In the world of global stereotypes, Brits are pompous, Australians are macho, French are rude, Americans are brash… and Canadians are nice.
Just look at any poll or survey and the popular assumption is that we live in the global Garden of Eden. Brand Canada has mass appeal and the image of the outdoor-loving, fresh-faced, permanently smiling, and ultra-polite Canadian does that no harm at all.
While this typecasting isn’t necessarily "real," typically we are a quiet, subdued, and modest bunch—and, while these traits are undeniably admirable and should be held dear, when it comes to self promotion in the high stakes and high density world of startups, we might just need to find our voice and occasionally "grow a pair."
LOOK AT THEM APPLES
For the Apples of this world, merely changing the color of a mobile handset makes the worlds’ tech press go weak at the knees. I mean who’d have thought a gold handset was even possible?
For those starting out however, media attention isn’t an easy thing to come by—especially up in the Great North, where there are limited amount of outlets with even one eye on the venture industry. Oh, for just a few more Techvibes.
When it comes to startups, living North of the border can feel a little like being at a cocktail party above a Metallica concert. Bang on the walls all you like; chances are, no one’s going to pipe down just so you can say your piece. Even shouting louder may well be fruitless.

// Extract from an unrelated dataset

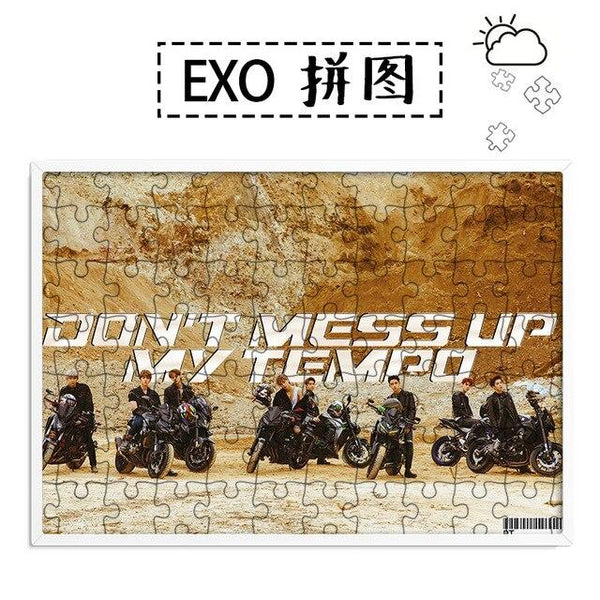 [MYKPOP]EXO BAEKHYUN CHANYEOL SEHUN SUHO LAY Puzzles 120pcs With a Photo Frame Desk Decoration KPOP Fans Collection SA18102013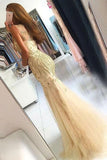 Elegant Mermaid Tulle Sleeveless Prom Dresses with Beading, Long Cheap Formal Dresses STA15182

If you want to get heard by the masses, you might just need to go down to the party yourself and make some noise there too.
The truth is, you have to be prepared to go the places people are getting noticed and pushy enough to earn some proverbial shoulder room at the mosh pit.
USE WHAT YOU HAVE
Due to some startling startup successes and failures, complete with their heroes and villains, the entire ecosystem has got it’s media mojo back—and, having finally emerged from the post dotcom-bubble-blackout, there are plenty of column inches waiting to break the next big sensation.
For Canadian startups such as HootSuite, which have seen their share of luck and judgment pay off and made them deserving startup celebrities, their profile and ability to fund smart PR and marketing teams, have meant that they enjoy plenty of traction both north and south of the border. For those without existing profile, they must rely on being pushy and vocal with their message or, alternatively, having a truly innovative product that looks light years ahead of the competition.
With UrtheCast, a Canadian startup I cofounded—and which is in the process of launching live, HD streaming video from the International Space Station—has enjoyed global media attention from the BBC to CNN. While not every startup might have the media cat nip of UrtheCast, Canadian entrepreneurs should nevertheless establish what is unique, enticing, useful, innovative, inspiring and/or just plain enjoyable about their startup and be prepared to speak loudly and proudly to all who will listen, whether they be north, east, south, or west.
DITCH THE MODESTY
Every notable startup has had to find their own path to the front pages and, whether it came from a stroke of innovative genius or being in the right place at the right time, it has to be commended.
Startups, despite the current media spotlight, still haven’t achieved “Field of Dreams” status. Canadian entrepreneurs and their teams need to be out beating the pavement and knee deep in the hustle every day, otherwise, undoubtedly, someone more pushy, more brash or more eager will come along.
Being outspoken about our successes might not fit neatly with that stereotypical Canadian but visibility is an essential part of growing a startup. If we want to be a part of that game, we have to earn our place like everyone else and for those who aren’t willing to bang on doors to tell their story, they just might find themselves drowned out by noise.